Hawaii’s construction market is operating at a blistering pace. That has some contractors cutting corners — and the fines are piling up. We get more on that story from Pacific Business News editor in chief A. Kam Napier.
Both the state Department of Labor and Industrial Relations and the Department of Commerce and Consumer affairs have gotten more aggressive about investigating problems in the construction industry. At just one project last year, a Waikiki hotel called Maile Sky Court, DLIR fines topped $1 million dollars. Hotels guests were confronted with unsafe conditions as renovations proceeded without buffers between the work and the guests.
DCCA levied more than $200,000 in fines last year. The highest, $50,000, went to a firm working on the Coach store in Ala Moana Center.

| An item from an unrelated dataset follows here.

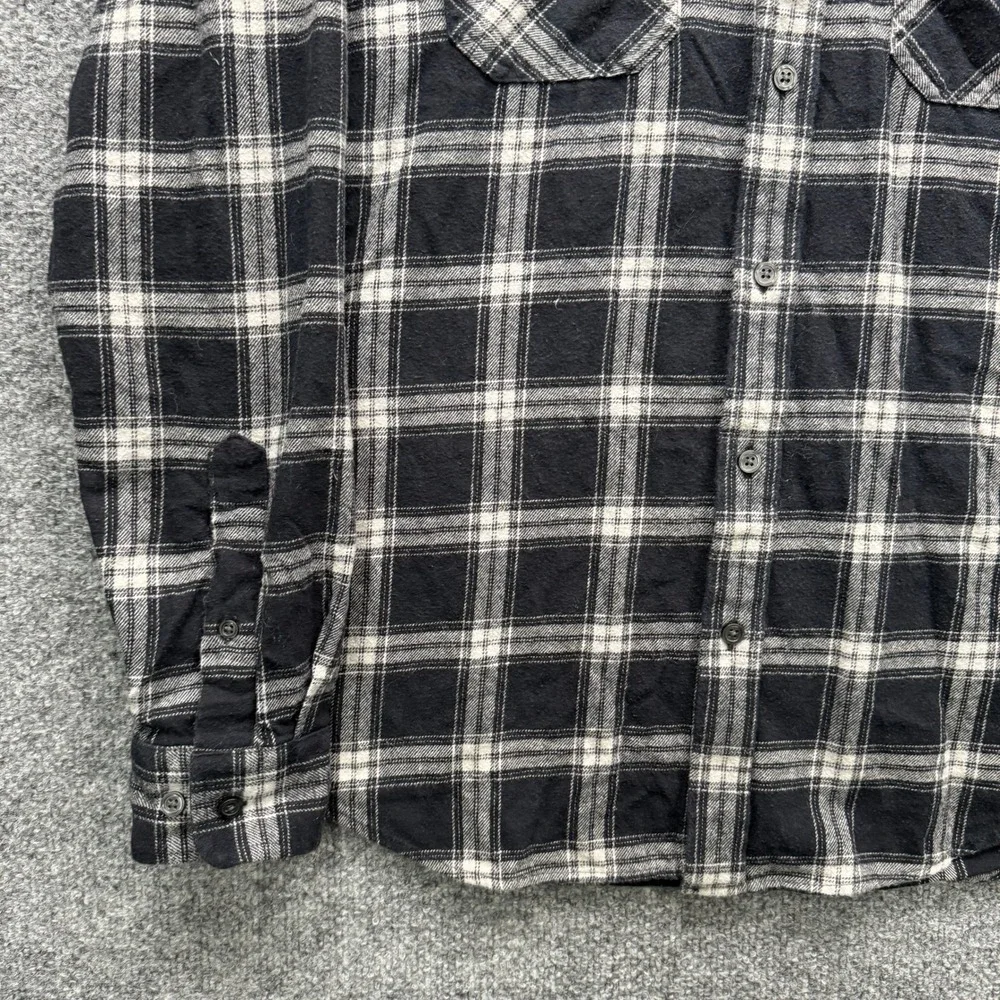 Banana Republic Standard Fit Flannel Button Shirt Mens M Black Plaid Casual
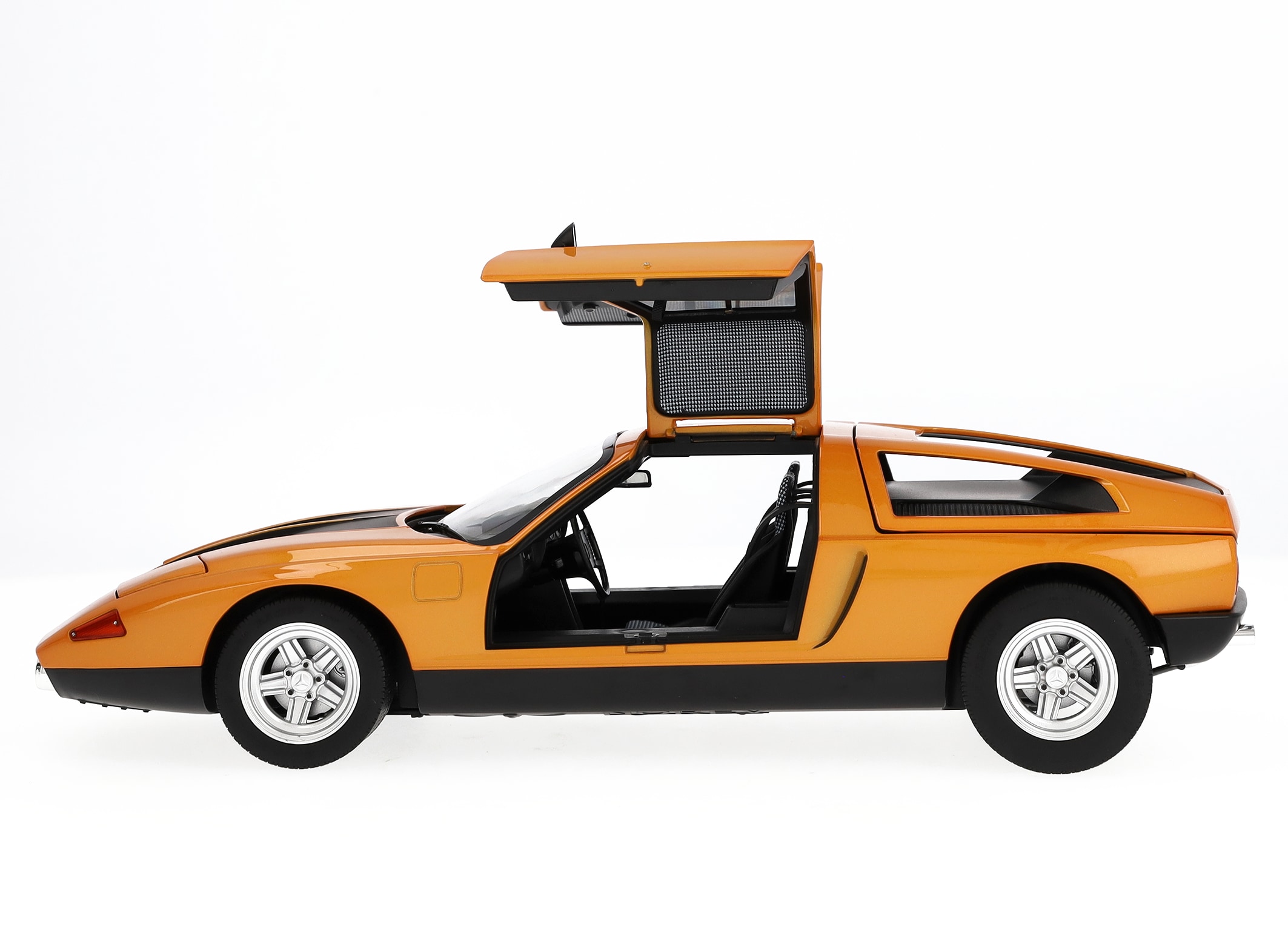 Experimentalfahrzeug C 111 / II (1970) - weißherbst, Norev, 1:18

Horizon Retail Construction failed to have a responsible managing employee in residence in Hawaii and allowed unlicensed subcontractors onto the project.

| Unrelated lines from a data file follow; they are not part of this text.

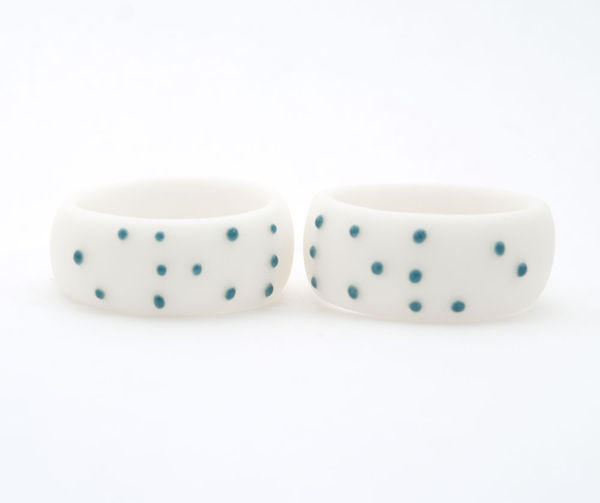 Love_braille_ring_3-sixhundred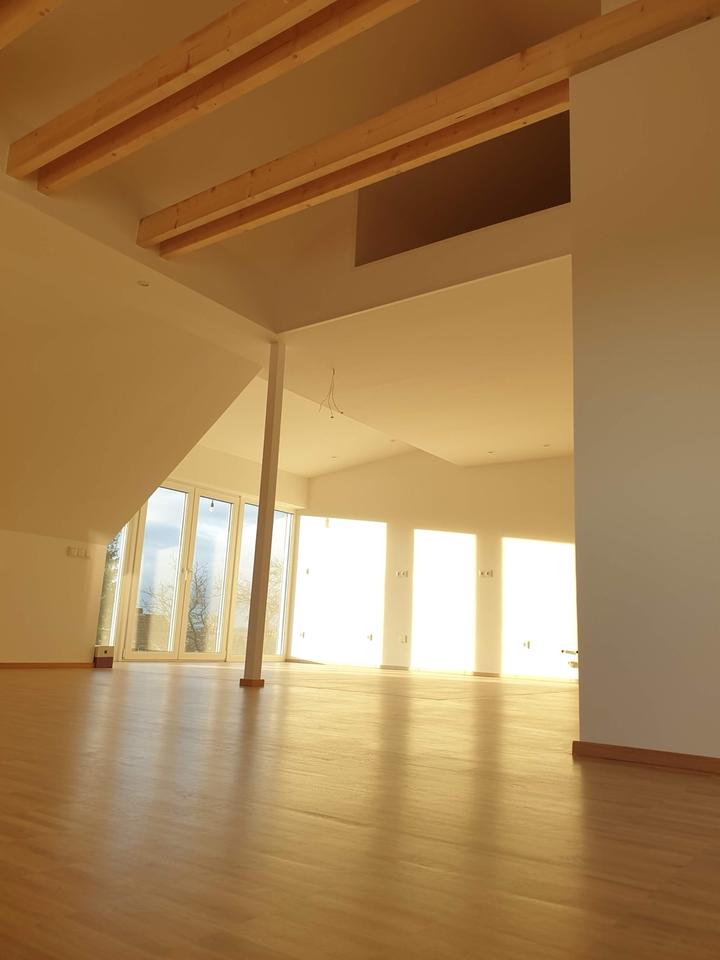 Thumbnail-Dachgeschosswohnung zur Miete in Schweinfurt, 97422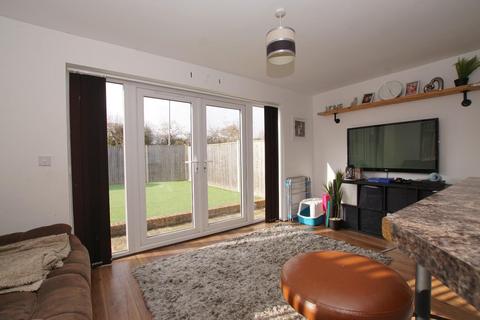 3 bedroom semi-detached house for sale, Thackeray Close, Eastbourne BN23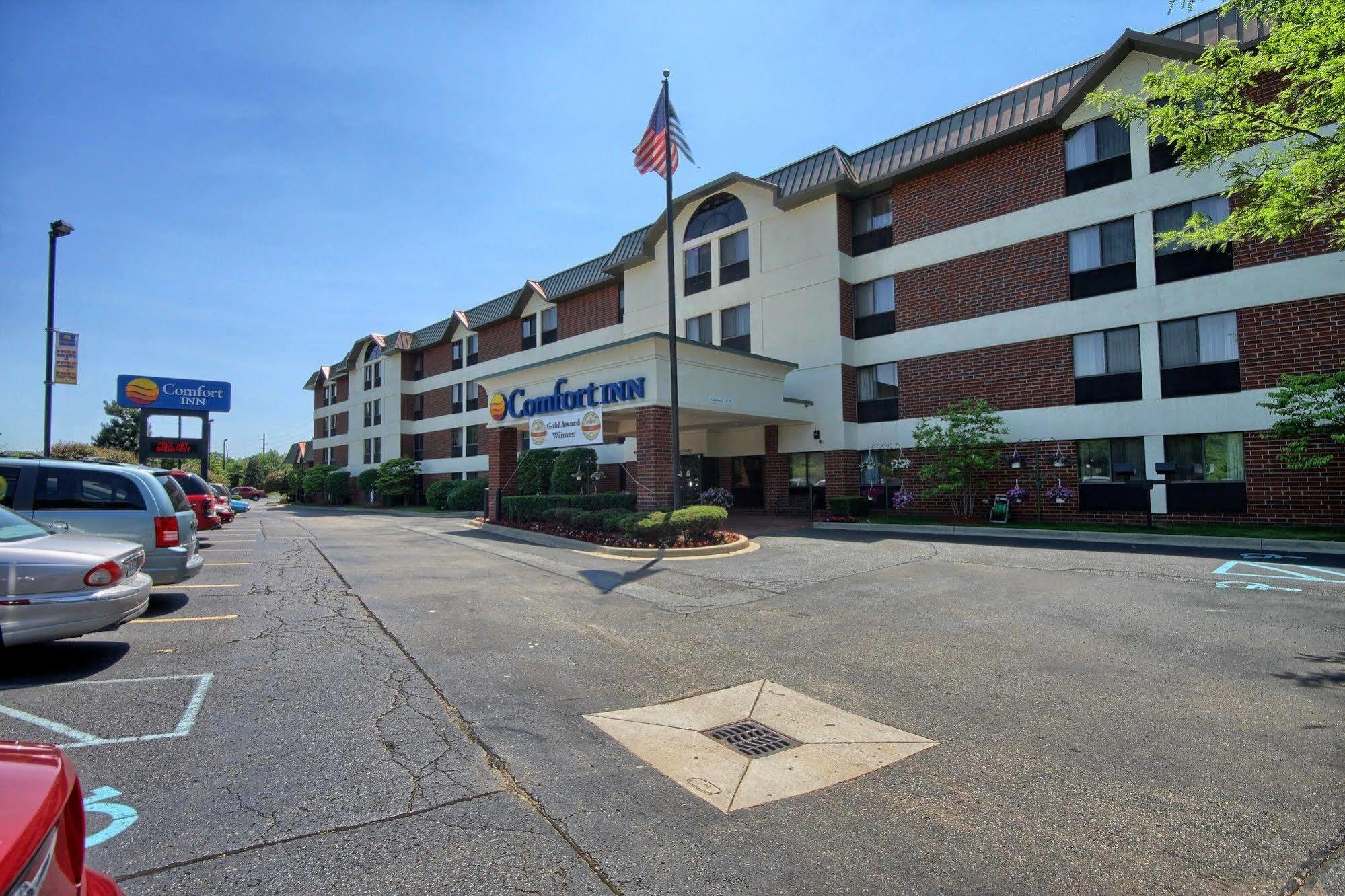 Comfort Inn Near Greenfield Village Dearborn Exterior photo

In fact, many of the DCCA fines last year were levied on firms for not having managers in residence in Hawaii. There’s a great deal of construction happening on Oahu right now and at a time Honolulu has the highest construction costs in the nation. The amount of work available has attracted Mainland companies to jump in and bid on projects, starting the work before they have managers in place.

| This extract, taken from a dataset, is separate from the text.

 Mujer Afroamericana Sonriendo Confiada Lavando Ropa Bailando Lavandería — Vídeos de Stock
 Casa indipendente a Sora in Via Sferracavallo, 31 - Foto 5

Contractors have taken multiple commitments to complete projects on deadline, but are finding it difficult to find qualified labor. Consequently, some are turning to unlicensed labor. To curb abuses, state authorities have ratcheted up not only their investigations, but the fines as well. For example, companies that fail to provide temporary disability insurance to workers used to receive a fine a $1 per day per affect employee. That fine is now $100 per day per employee.